## Task description
Below are entries with pictures among them; reproduce exactly, and only, the lines from the one containing "thumbnail image 1" down to the one containing "Water skies kirigaya", without the pictures.

____ Supplied data

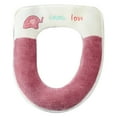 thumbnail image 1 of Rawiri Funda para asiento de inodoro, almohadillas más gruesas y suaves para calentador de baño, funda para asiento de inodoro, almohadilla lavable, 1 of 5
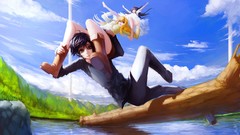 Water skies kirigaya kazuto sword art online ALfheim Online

________
____ Supplied data

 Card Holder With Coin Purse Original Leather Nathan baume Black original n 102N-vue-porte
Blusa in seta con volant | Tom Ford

________

## Result below
 thumbnail image 1 of Rawiri Funda para asiento de inodoro, almohadillas más gruesas y suaves para calentador de baño, funda para asiento de inodoro, almohadilla lavable, 1 of 5
 Water skies kirigaya kazuto sword art online ALfheim Online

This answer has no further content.